So I am learning, as even a Cro-Magnon can.

Miller goes much further into defining what constitutes (and what does not constitute) a genre that I ever have. My rules are simpler: This bit of writing rhymes, has a distinct meter, or is arranged in short bursts of thought; it must be a poem. Going further: This poem is a limerick. That, a sonnet. But those are subgenres, pigeonholes inside pigeonholes. Those rules work just fine for the writings of Shel Silverstein and the poems of Shakespeare, but what about works like Moliere’s Tartuffe? It has meter and rhyme like a poem, but it has other forms more common to plays – so it is a play. Why? It has to do with genre’s relationship to form, as Miller points out: “Genre is a form at one particular level that is a fusion of lower-level forms and characteristic substance.” This is, as she points out, a lower-level benchmark of what makes up a genre. Moliere’s motives in making this story a play rather than a novel obviously plays in the desirability of showing his audience the hypocrite Tartuffe in the flesh – on stage – rather than merely in the imagination of a novel reader, where overt and covert textures in Tartuffe’s character might be more easily overlooked or puttied over. I contend, then, that form and genre are more closely tied together in hierarchy than perhaps Miller admits. She says herself that “the interpreter must have a strong understanding of forms at both higher and lower levels, in order to bridge the gap at the level of genre.” She does go on later to say that genre is more than a pattern of forms – with this I agree. I simply think genre and form are more equal than she does.

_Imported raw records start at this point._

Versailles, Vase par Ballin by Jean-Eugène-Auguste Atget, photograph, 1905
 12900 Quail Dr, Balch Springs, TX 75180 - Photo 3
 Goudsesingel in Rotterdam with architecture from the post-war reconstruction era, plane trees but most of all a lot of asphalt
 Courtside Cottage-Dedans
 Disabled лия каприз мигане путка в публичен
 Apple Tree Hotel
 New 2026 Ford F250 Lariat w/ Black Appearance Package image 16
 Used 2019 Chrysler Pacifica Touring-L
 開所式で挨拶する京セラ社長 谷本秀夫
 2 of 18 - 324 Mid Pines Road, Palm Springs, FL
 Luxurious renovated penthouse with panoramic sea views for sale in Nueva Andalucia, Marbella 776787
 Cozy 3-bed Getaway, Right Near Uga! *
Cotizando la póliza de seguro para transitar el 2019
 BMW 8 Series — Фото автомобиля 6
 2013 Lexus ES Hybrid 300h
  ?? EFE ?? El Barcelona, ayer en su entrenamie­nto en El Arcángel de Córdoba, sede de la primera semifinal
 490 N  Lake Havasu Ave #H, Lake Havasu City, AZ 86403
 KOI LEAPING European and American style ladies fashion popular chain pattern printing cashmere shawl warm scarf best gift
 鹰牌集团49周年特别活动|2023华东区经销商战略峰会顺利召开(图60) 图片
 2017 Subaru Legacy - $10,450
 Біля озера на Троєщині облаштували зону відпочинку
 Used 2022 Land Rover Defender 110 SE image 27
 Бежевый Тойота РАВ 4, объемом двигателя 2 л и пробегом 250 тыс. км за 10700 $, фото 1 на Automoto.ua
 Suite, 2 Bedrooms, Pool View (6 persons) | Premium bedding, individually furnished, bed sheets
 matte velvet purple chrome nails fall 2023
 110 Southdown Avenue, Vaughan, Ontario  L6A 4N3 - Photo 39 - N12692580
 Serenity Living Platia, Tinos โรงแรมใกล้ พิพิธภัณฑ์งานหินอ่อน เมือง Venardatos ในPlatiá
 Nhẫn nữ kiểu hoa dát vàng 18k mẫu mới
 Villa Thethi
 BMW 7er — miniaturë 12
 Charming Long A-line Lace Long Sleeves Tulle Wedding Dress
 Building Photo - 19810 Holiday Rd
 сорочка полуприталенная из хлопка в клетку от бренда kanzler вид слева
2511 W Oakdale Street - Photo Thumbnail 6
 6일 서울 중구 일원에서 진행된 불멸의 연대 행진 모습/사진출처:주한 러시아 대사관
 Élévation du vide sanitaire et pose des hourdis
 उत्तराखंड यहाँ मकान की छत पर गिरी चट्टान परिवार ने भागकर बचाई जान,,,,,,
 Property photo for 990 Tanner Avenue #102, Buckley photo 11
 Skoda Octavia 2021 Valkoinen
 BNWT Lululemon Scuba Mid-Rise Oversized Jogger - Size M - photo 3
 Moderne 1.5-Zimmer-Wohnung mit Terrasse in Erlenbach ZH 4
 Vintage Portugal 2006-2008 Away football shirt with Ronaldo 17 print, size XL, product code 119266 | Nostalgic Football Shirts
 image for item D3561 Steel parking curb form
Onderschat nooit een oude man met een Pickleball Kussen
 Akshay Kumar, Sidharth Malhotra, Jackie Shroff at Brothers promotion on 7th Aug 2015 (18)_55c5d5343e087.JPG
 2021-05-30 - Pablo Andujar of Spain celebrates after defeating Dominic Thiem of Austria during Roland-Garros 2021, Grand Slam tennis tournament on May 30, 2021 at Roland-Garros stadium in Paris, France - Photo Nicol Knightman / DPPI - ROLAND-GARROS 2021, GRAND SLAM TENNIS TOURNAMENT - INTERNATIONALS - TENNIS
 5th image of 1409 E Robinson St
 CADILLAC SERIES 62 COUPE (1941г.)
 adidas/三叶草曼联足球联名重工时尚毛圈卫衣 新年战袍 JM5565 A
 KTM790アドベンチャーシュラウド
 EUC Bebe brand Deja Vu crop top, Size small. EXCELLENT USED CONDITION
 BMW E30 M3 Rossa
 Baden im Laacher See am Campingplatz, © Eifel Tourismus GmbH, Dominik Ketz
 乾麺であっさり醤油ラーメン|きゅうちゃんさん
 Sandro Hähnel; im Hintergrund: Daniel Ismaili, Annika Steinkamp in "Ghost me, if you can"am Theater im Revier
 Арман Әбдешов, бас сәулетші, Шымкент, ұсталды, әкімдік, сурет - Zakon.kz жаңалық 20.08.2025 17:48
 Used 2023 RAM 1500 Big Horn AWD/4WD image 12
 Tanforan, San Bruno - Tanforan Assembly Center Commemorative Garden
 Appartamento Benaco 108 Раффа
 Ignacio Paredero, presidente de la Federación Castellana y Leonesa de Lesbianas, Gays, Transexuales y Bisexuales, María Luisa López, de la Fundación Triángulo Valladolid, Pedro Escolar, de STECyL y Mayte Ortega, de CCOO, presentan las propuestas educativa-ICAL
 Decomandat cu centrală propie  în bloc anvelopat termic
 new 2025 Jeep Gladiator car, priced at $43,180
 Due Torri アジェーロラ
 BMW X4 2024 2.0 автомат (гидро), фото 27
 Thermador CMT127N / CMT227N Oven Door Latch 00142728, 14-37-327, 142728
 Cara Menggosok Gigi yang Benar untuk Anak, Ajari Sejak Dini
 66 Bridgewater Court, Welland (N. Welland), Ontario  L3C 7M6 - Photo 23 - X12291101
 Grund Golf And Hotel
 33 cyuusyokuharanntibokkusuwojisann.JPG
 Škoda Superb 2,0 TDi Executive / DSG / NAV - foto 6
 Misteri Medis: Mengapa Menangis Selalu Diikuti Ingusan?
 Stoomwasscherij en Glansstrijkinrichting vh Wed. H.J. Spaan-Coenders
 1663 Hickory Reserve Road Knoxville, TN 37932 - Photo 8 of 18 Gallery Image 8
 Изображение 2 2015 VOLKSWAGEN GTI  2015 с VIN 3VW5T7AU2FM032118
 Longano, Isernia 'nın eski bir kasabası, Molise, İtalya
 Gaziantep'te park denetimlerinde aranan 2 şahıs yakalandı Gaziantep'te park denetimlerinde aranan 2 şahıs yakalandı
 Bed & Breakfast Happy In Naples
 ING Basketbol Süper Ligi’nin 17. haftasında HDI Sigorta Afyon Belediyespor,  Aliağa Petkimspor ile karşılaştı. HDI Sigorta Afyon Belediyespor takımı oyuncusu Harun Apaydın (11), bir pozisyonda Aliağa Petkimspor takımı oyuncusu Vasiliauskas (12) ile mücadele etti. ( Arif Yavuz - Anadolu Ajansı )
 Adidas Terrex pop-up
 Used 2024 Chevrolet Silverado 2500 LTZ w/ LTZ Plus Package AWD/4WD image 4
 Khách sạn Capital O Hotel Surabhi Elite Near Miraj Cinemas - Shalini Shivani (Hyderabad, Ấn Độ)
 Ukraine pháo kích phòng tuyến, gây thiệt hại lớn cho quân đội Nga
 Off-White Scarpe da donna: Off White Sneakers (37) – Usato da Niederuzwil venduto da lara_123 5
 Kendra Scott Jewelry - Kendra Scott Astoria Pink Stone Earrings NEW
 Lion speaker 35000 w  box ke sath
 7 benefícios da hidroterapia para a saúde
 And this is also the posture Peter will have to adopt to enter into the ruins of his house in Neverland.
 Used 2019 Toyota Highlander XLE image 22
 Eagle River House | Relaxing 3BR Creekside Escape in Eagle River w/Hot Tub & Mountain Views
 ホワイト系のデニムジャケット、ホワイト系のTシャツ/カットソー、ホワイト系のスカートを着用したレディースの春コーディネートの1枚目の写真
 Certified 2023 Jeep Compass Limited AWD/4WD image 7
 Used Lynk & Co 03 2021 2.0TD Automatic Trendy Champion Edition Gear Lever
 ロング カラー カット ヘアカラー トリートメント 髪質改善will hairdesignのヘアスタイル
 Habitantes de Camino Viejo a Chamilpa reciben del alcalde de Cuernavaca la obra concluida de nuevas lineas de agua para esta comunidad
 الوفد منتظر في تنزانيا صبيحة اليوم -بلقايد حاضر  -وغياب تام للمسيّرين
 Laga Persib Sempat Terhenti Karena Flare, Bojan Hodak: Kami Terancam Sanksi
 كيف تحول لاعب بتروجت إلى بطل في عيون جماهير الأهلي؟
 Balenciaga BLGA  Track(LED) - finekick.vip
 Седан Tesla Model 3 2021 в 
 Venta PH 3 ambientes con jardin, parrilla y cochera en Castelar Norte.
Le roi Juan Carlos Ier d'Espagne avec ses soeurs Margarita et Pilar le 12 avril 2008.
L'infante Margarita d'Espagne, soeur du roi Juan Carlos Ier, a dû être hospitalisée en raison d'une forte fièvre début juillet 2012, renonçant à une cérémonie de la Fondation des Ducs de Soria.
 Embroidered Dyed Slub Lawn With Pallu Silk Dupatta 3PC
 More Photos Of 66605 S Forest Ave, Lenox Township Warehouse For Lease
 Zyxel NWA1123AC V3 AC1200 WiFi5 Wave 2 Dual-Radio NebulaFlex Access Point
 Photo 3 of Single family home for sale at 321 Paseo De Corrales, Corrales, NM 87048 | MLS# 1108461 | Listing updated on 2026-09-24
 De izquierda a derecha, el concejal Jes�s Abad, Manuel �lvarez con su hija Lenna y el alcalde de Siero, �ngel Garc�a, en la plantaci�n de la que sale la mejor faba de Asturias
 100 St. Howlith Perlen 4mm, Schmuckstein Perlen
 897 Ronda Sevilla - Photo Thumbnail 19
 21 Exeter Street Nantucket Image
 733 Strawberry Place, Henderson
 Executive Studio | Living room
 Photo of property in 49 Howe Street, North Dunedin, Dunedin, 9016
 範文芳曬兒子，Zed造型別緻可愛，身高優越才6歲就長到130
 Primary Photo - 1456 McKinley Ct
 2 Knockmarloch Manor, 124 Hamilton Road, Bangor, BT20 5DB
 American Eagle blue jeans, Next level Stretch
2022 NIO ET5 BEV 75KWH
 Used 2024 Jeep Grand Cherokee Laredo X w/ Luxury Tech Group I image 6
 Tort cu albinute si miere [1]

I will admit I’ve never thought much of motive and social action playing a role in genre development, so that vein of thought is intriguing. I say I’ve never thought of it; that does not mean I’ve never used it. “We learn to adopt social motives as ways of satisfying private intentions through rhetorical action,” Miller writes. “This is how recurring situations seem to ‘invite’ discourse of a particular type.” I can say I’ve sat down to write out a thought and, as I’m tinkering, decide “This is going to be a poem,” or “This is going to be a short story.” The motives behind my writing certainly drives me to the genre most fitting for those motives, though if I were asked to explain why those motives drove me to a particular genre I might be flummoxed. “It just worked better as a short story,” I’d say.

A sharper ability to study motives in relation to genre certainly has the potential to be an important rhetorical tool. “It suggests that what we learn when we learn a genre is not just a pattern of forms of even a method of achieving our own ends. We learn, more importantly, what ends we may have,” she writes. It’s a good reminder for any writer to keep in mind, because I’ve noticed many writers, even those skilled in using genre to fulfill their motives, often don’t recognize the motives in writing by others. I have that fault, and I’m learning to erase it.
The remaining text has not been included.